Say that resistance is 2 ohms and you have a 12 volt battery.
12 volts = 6 amps * 2 ohms
12 volts * 6 amps = 72 Watts (Amount of Energy Motor consumes)
Okay, so now you feed the motor a lower the voltage (6 Volts)... The amperage will NOT increase; in fact, here is what happens:
6 Volts = 3 amps * 2 ohms
6 Volts* 3 Amps = 18 Watts
Ohms Law:
Decreasing the voltage with an unchanging resistance results in lower amperage (current)
You can work the Algebra to solve for anything you want with either formula or a combination of the two.
Volts = Amps * Resistance
Amps = Volts / Resistance
Resistance = Volts / Amps
Honestly, chances are good that a DC motor operates somewhat like a transformer or inductor with collapsing magnetic fields. It likely has changing impedance instead of resistance; in other words, its resistance may change similar to how inductive reactance works in AC circuits.
Please, search google for out of phase impedance, inductive reactants, capacitive reactance, and you will know much more.
I do NOT have the time now to a project like this, but here is how I would have gone about it:
Get a regulated DC power supply and set the voltage at 6 Volts and measure the current with an ammeter (multimeter works great). It needs to be wired in SERIES to do this! Now, you have the voltage and the current, so calculating the resistance of the motor is not hard.
Now, set the regulated DC supply at 12 Volts and again measure the current then calculate the resistance. This is a method to determine if changing the voltage impacts the motor's internal resistance!
FYI, when light bulbs get hot, their internal resistance changes! I have only AC light bulbs, but for the purpose of lighting AC electricity is the Same as DC only the RMS AC voltage = the DC. Look up RMS
DO NOT do this at home unless you are experienced or careful working with dangerous voltages.
I have a 60 Watt incandescent light bulb, and I measured it with an Ohm meter (actually the ohm function of a multimeter) and I got roughly 20 ohms. (You can check the resistance without adult supervision... can't get shocked doing that). The Lighb bulb was totally removed from the lamp fixture to get a reading.
I measured the AC Line Voltage (DO NOT do this). It is 122 Volts AC (RMS Volts).
Volts = Amps * Resistance
122 = Amps * 20
Amps = 122/20
Amps = 6.1
Watts = 6.1 * 120
At the instantaneous point you turn on a 60 Watt lightbulb, it draws 732 watts when cold.

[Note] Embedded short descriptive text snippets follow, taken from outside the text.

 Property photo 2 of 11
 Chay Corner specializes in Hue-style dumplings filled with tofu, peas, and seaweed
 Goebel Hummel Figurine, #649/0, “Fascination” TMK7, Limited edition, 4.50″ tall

Obviously, that amount of power instantly heats the filament and the resistance goes up A LOT causing the current (amperage) to drop A LOT given relatively constant, unchanging voltage being delivered to the light bulb.

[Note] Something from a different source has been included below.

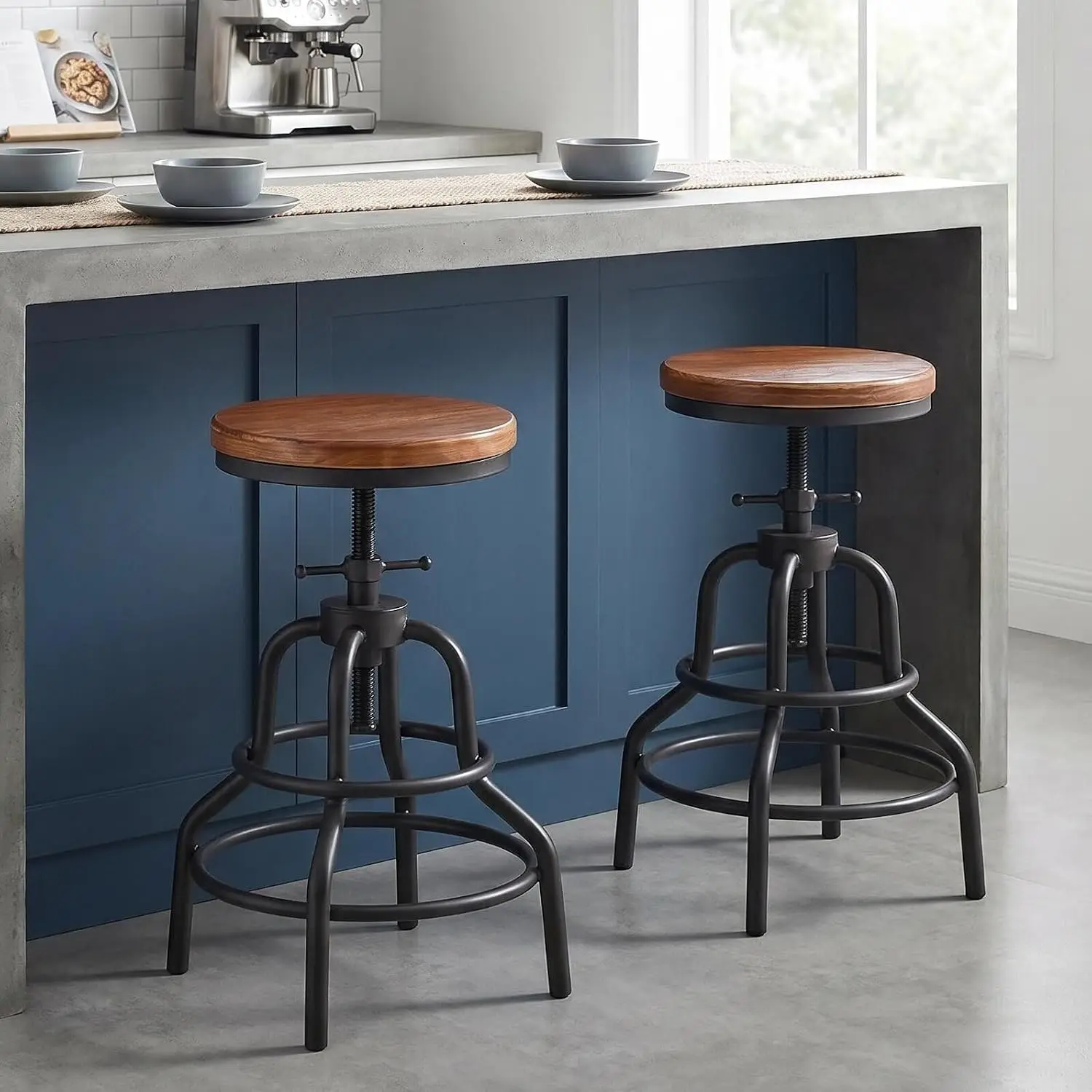 Bar Stools, Screw Twist Height Adjustable Counter Stool with Round Solid Wood Seat, Matte Black Iron Frame, 440LBS Load Capacity for Home Bar Cafe Workshop, Set of 2, Brown Wood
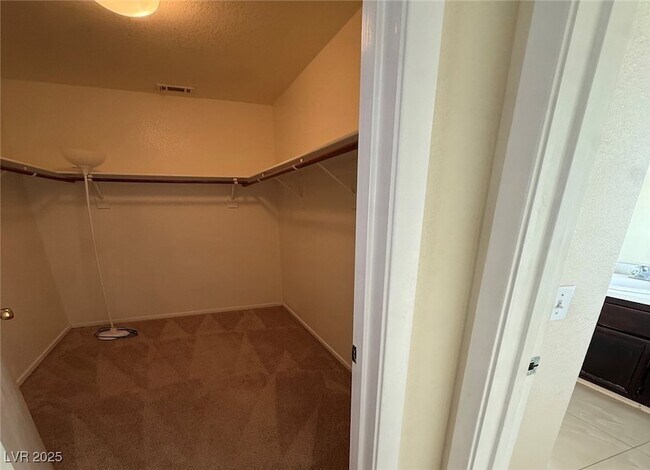 Building Photo - 9300 Cool Creek Ave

Please, don't ask how fast this happens, unless you want me to respond with a page full of Calculus since in reality it happens about as quickly as electricity flows though the filament takes a bit longer than that to heat. We are talking about small fractions of a second that are not even close enough to cause any heat or pop circuit breakers. It is generally in the interest of forum members to stick to Algebra with explanation because almost everyone can follow along. Seriously, you can take it further with derivatives if you would like to show the relationship of the instantaneous rate of change of resistance with respect to time dR/dt. Quite simply, you would plug in some info and differentiate. It is not that Calculus is tough or that you will not get it because in reality most of our members on this forum are very intelligent and would find Calculus easy. However, we feel that given their age it is unlikely many have had it or the background knowledge required to contemplate that way of thinking. I.e. Limits come first since by its very definition a derivative is actually a formula describe in terms of limits :-)

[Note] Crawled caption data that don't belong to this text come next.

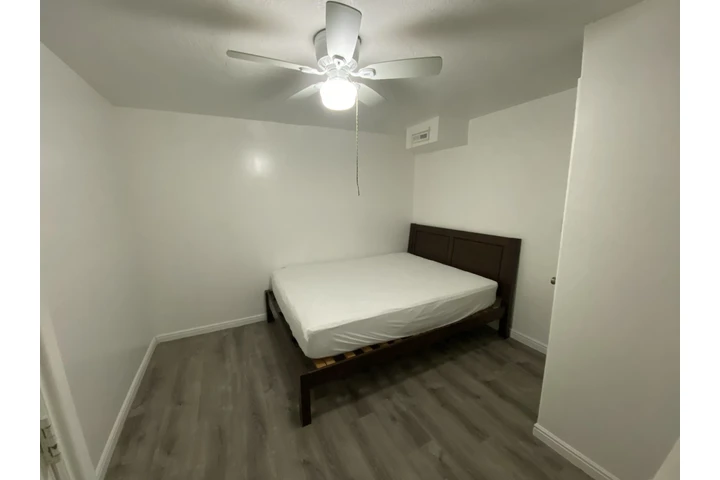 $470 : Cuarto en renta image 1
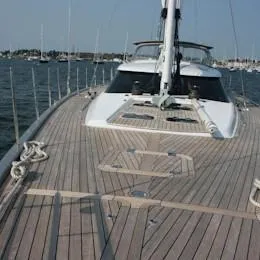 Assai Yacht Photos Pics Deck of 2011 Alia Yachts Warwick 82 LK sailboat on water.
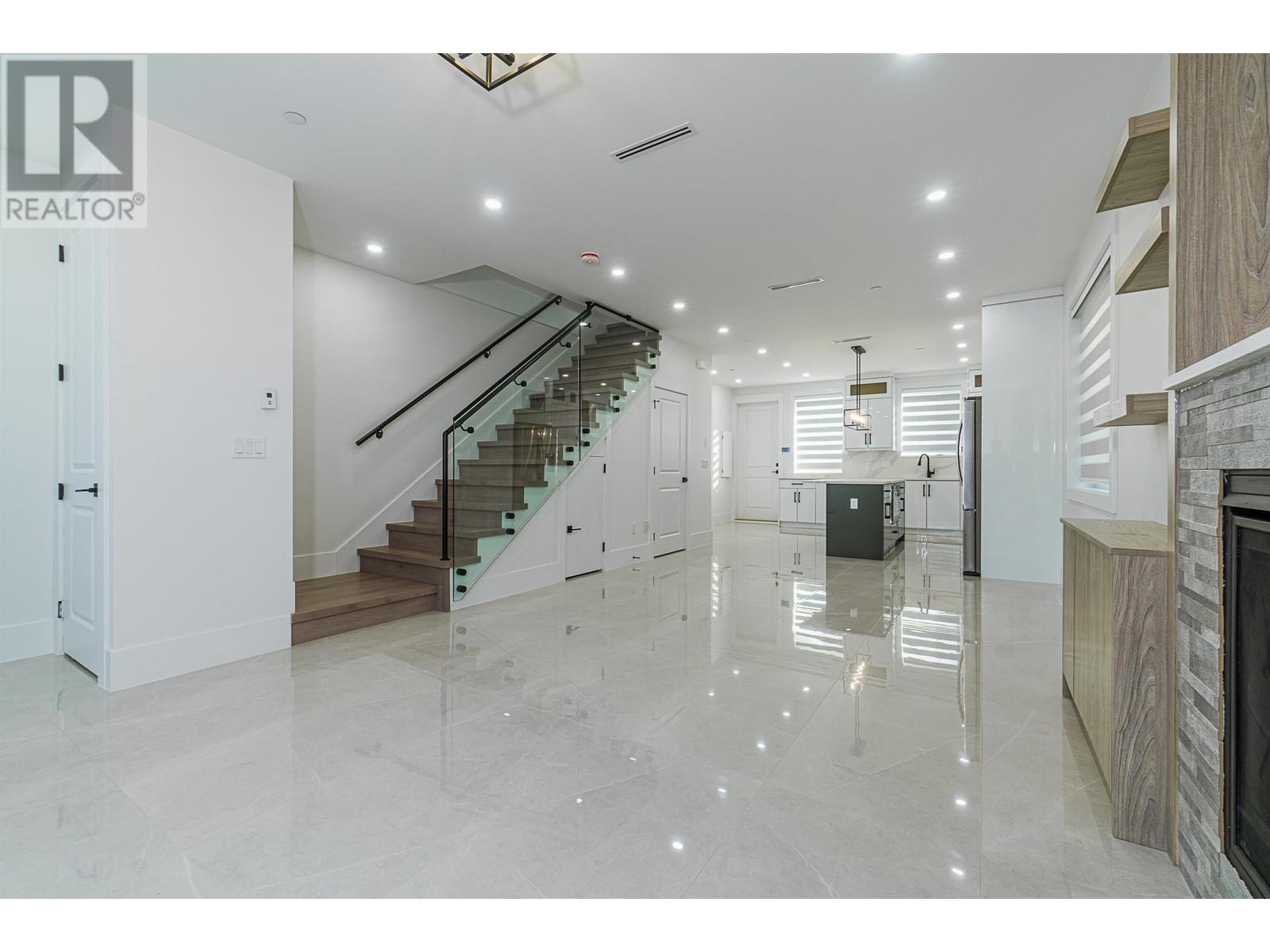 Listing Picture 5 of 13 : 2790 E 49TH AVENUE, Vancouver / 溫哥華 - 魯藝地產 Yvonne Lu Group - MLS Medallion Club Member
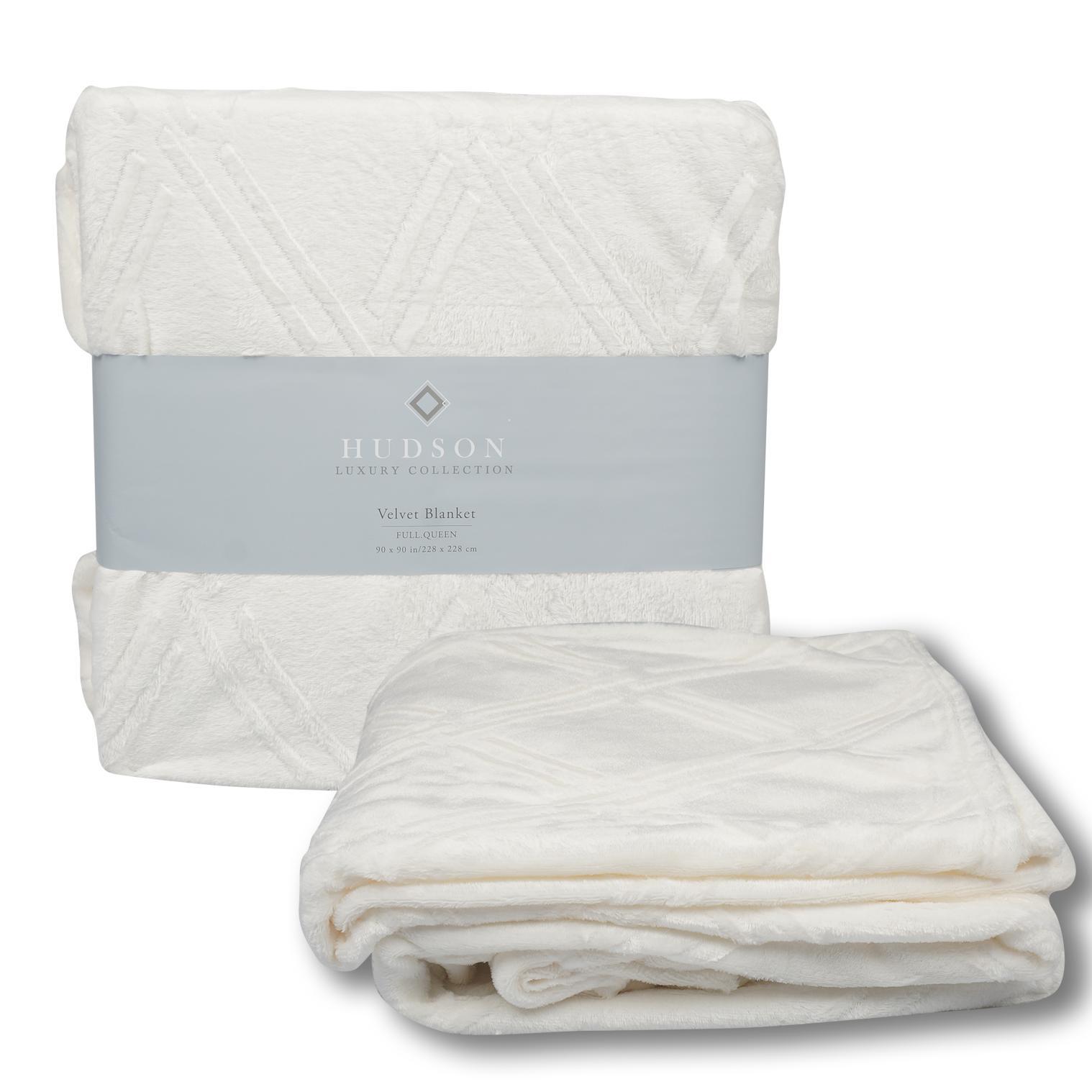 Wholesale Velvet Blanket Full/Queen Ivory (SKU 2337226) DollarDays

Does any of this make sense?
Great Also Consider?
It sounds totally silly since you would think the motor is the only item in the circuit, but I tell you it is not! In fact, a cheap power supply or battery WILL drop some of the voltage across its own internal resistance. I.e. Perhaps you get 5.9 volts across the motor and could calculate that .1 is across the power supply internally.
Another one for you:
What are High-Discharge batteries, and why are they preferable in high-drain devices?
Hypothetical:
Cheap Battery 10 ohms internal resistance
Better Battery 1 ohm internal resistance
Let's say each batter registers 10 volts on a volt meter.
We then wire a 10 ohm load to each battery.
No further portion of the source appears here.